Malaysiakini co-founder and CEO Premesh Chandran believes good journalism is best aligned with some form of subscription or membership.
“What’s important is to have a good business model that promotes good journalism. There are limitations to an advertising model as it is about page views and eyeballs … but sometimes, good journalism doesn’t draw eyeballs.

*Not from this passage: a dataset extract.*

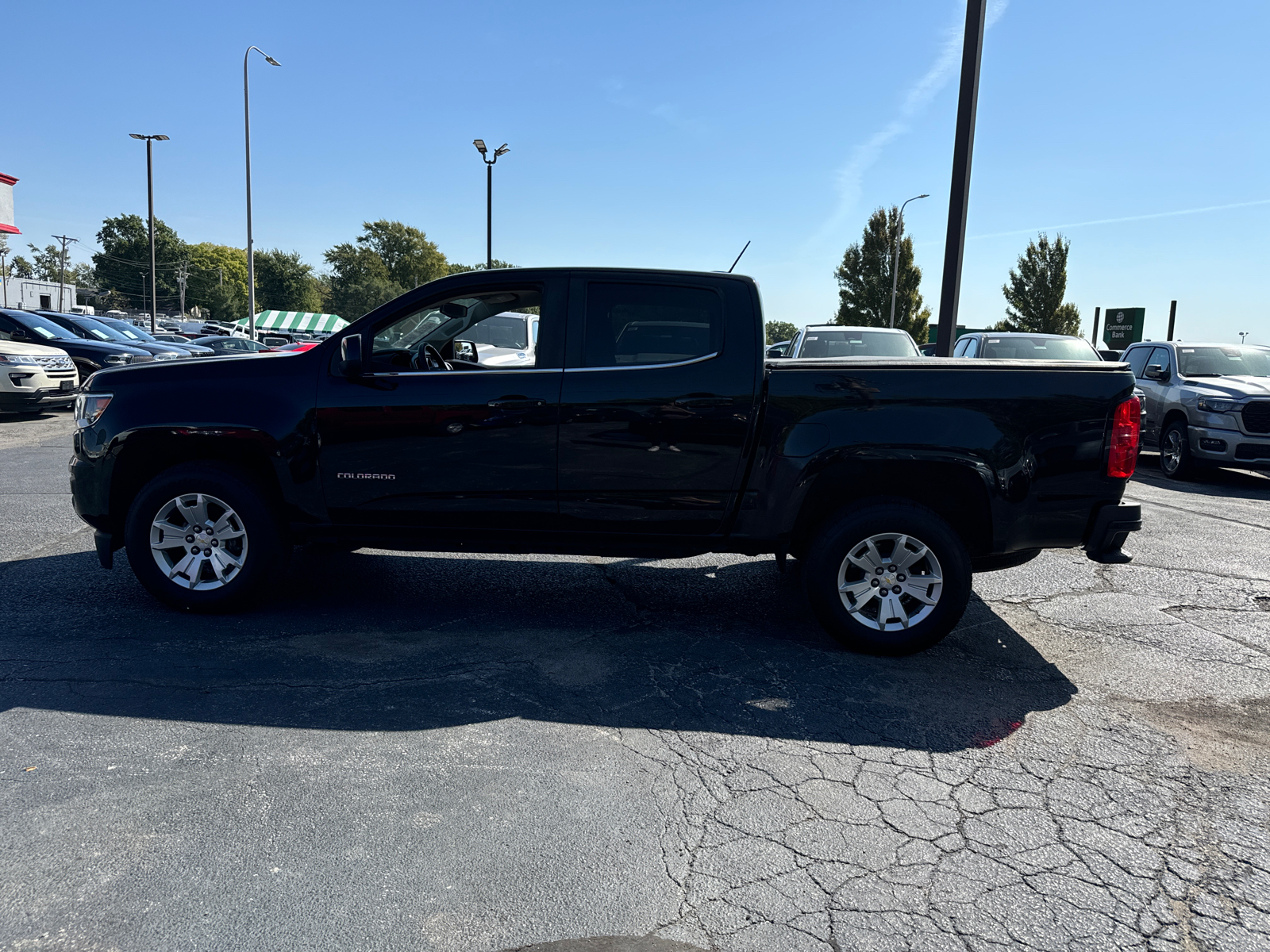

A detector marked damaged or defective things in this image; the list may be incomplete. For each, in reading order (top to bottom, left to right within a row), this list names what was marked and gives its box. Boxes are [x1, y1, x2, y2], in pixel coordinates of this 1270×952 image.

cracked asphalt [2, 411, 1270, 952]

Thus, a subscription or membership model is best.”
Elsewhere, instead of putting up a paywall, British newspaper The Guardian decided to ask its readers to make a financial contribution if they had liked an article in order to subsidise its investigative reporting, for example of Cambridge Analytica and the Paradise Papers recently.
The newspaper announced in May that it had broken even for the first time in recent years, thanks to the record online traffic, reduced costs and increased financial contributions from its readers.
In its 2018/19 financial year, Guardian News & Media recorded an operating profit of £800,000 compared with a loss of £57 million three years before. The company announced that it had 655,000 regular monthly supporters across both the print and digital versions of the newspaper.
Back home, Star Media Group informed investment analysts in June that it planned to put up some sort of paywall by the third quarter of this year. Industry observers will be keenly watching The Star for its next move. The newspaper’s print sales have dropped 40% in the past five years to around 150,000 copies a day at present. Star Media needs to find a way to cover the loss and charging people who visit www.thestar.com.my is what it is considering.
Two years ago, The Star introduced a paywall for access to its business news section in a tie-up with The Wall Street Journal. It has not indicated how this has fared but a check on its website revealed that StarBiz Premium is no longer available as a standalone service.